## Problem description
With the pictures set aside, reproduce each entry precisely as it reads.

[Dataset entries]
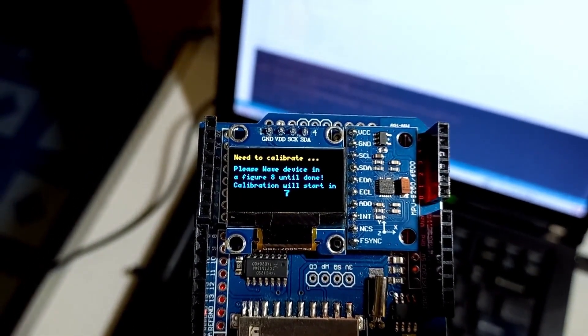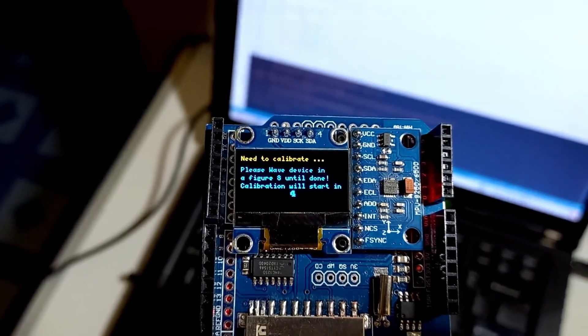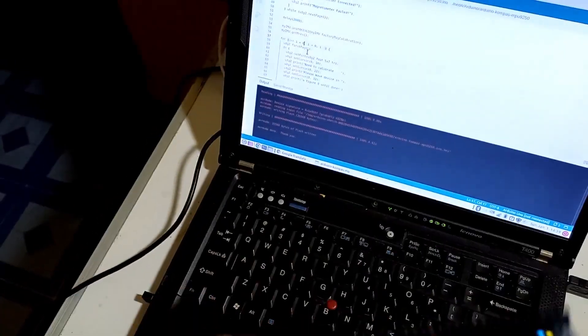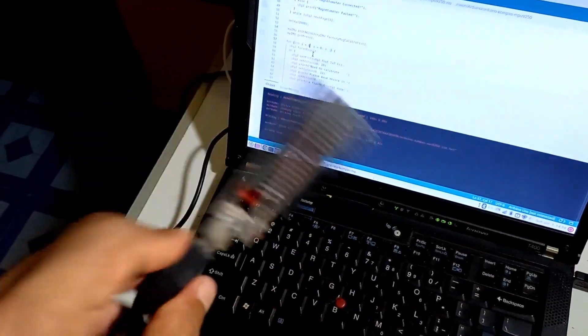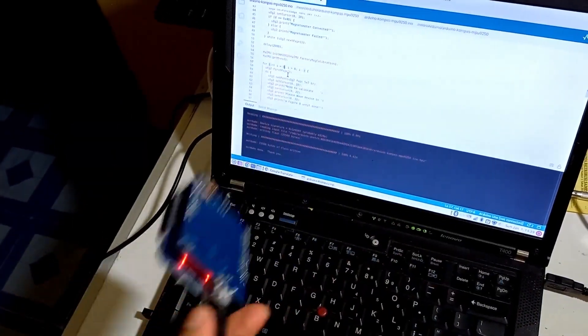When first turned on, the device requires calibration to be able to read the earth's magnetic value correctly. Now, wave the device like in figure 8 for 15 seconds. After that, you will see that the calibration has been completed.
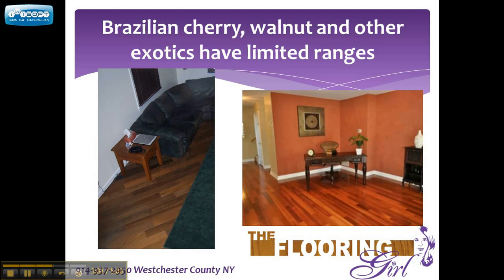The one on the left is Brazilian walnut, and obviously that's a darker and darker brown. You can make these floors darker, but you really can't make them lighter.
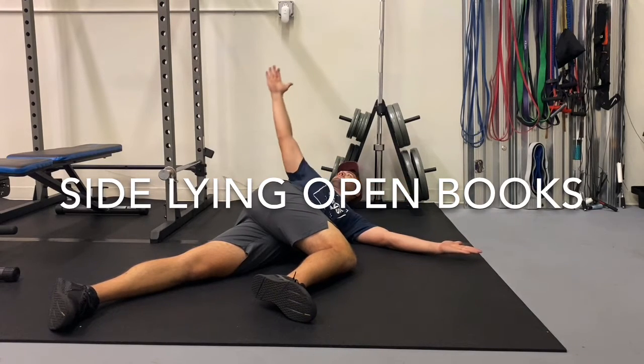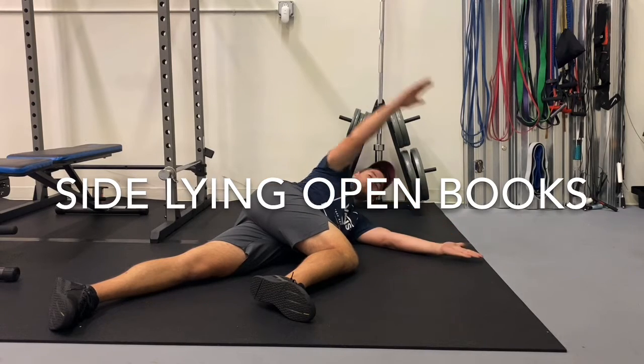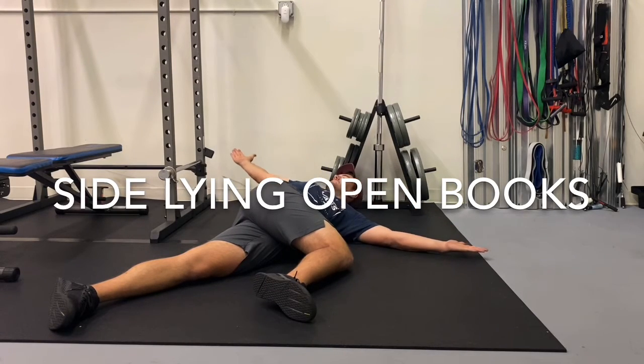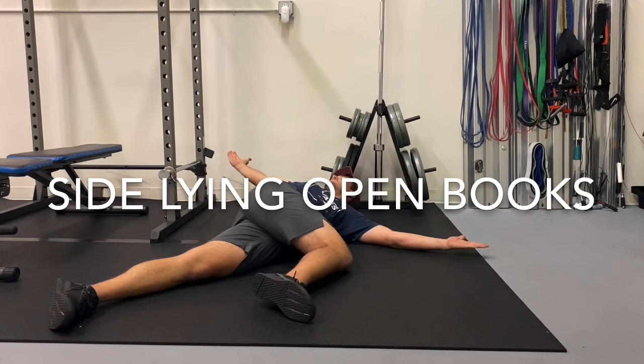Exhale as you open the chest, inhale as you bring back to the starting position, and exhale as you open. Focus on keeping the top knee on the ground and not letting it open up as you rotate your body backwards.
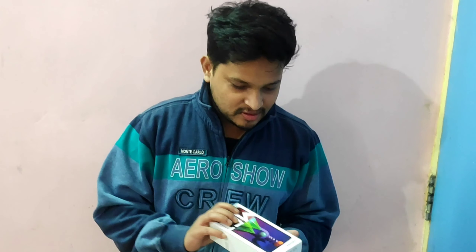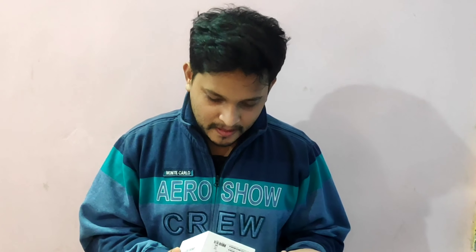Friends, today we have with us the Samsung M51 — a specialty phone with a 7000 mAh battery. We're doing an unboxing today, and the specialty is that any one of you can win this phone. It's a 500 subscriber giveaway, so let's open the phone and see what you get. Conditions apply.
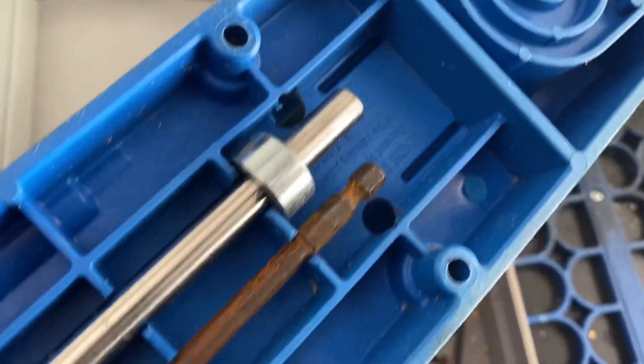If you've got a Kreg jig and you're constantly losing your bit and your driver, it's got storage right underneath. Thanks for watching — please remember to subscribe, go check out Eternal Harvest Decor's channel and subscribe to her too. I'll see you in the next video.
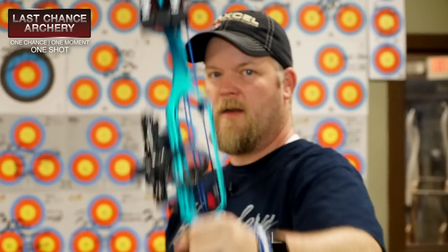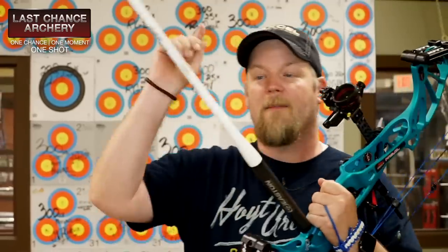Hey everybody, it's time for another Thing a Week — well, the last chance archery thing when we get a chance. We're still going to call it Thing a Week. I know some of you have been saying maybe we shouldn't call it that anymore, but I'm trying to be positive here and we're going to make some videos anyway. Today I'm going to talk about stabilizers.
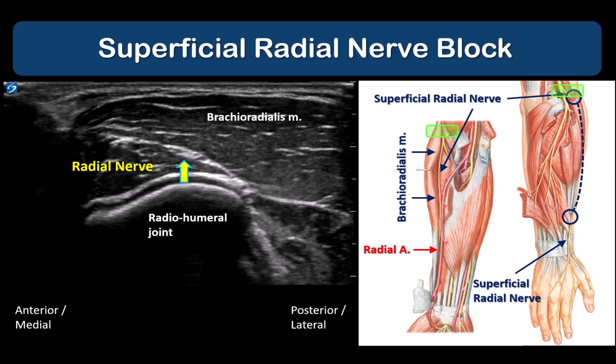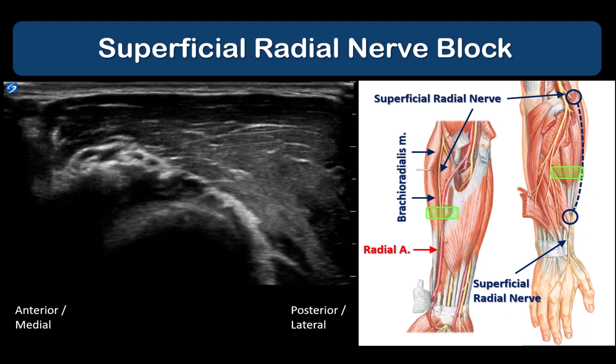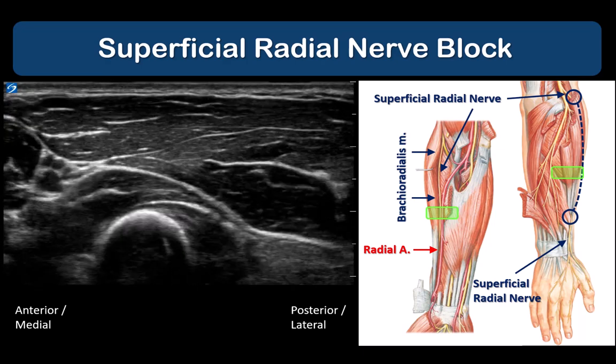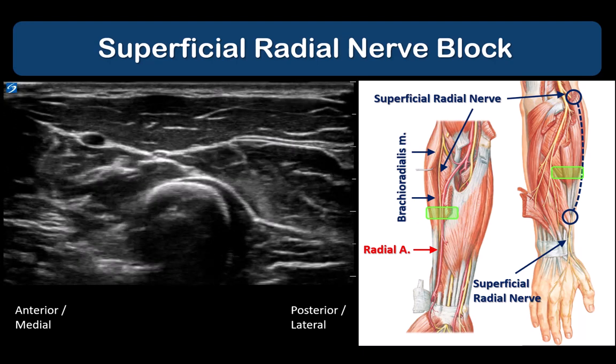With the forearm in the supinated or mid-pronated position, the probe is placed over the lateral surface of the forearm. At the elbow joint, the radial nerve is an elongated structure under the brachioradialis muscle. As the probe is slid distally, the radial nerve continues under the muscle and splits into superficial and deep branches, the deep branch traveling off in the posterolateral direction.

## The completed task
When first turned on, the device requires calibration to be able to read the earth's magnetic value correctly. Now, wave the device like in figure 8 for 15 seconds. After that, you will see that the calibration has been completed.
The one on the left is Brazilian walnut, and obviously that's a darker and darker brown. You can make these floors darker, but you really can't make them lighter.
Exhale as you open the chest, inhale as you bring back to the starting position, and exhale as you open. Focus on keeping the top knee on the ground and not letting it open up as you rotate your body backwards.
Friends, today we have with us the Samsung M51 — a specialty phone with a 7000 mAh battery. We're doing an unboxing today, and the specialty is that any one of you can win this phone. It's a 500 subscriber giveaway, so let's open the phone and see what you get. Conditions apply.
If you've got a Kreg jig and you're constantly losing your bit and your driver, it's got storage right underneath. Thanks for watching — please remember to subscribe, go check out Eternal Harvest Decor's channel and subscribe to her too. I'll see you in the next video.
Hey everybody, it's time for another Thing a Week — well, the last chance archery thing when we get a chance. We're still going to call it Thing a Week. I know some of you have been saying maybe we shouldn't call it that anymore, but I'm trying to be positive here and we're going to make some videos anyway. Today I'm going to talk about stabilizers.
With the forearm in the supinated or mid-pronated position, the probe is placed over the lateral surface of the forearm. At the elbow joint, the radial nerve is an elongated structure under the brachioradialis muscle. As the probe is slid distally, the radial nerve continues under the muscle and splits into superficial and deep branches, the deep branch traveling off in the posterolateral direction.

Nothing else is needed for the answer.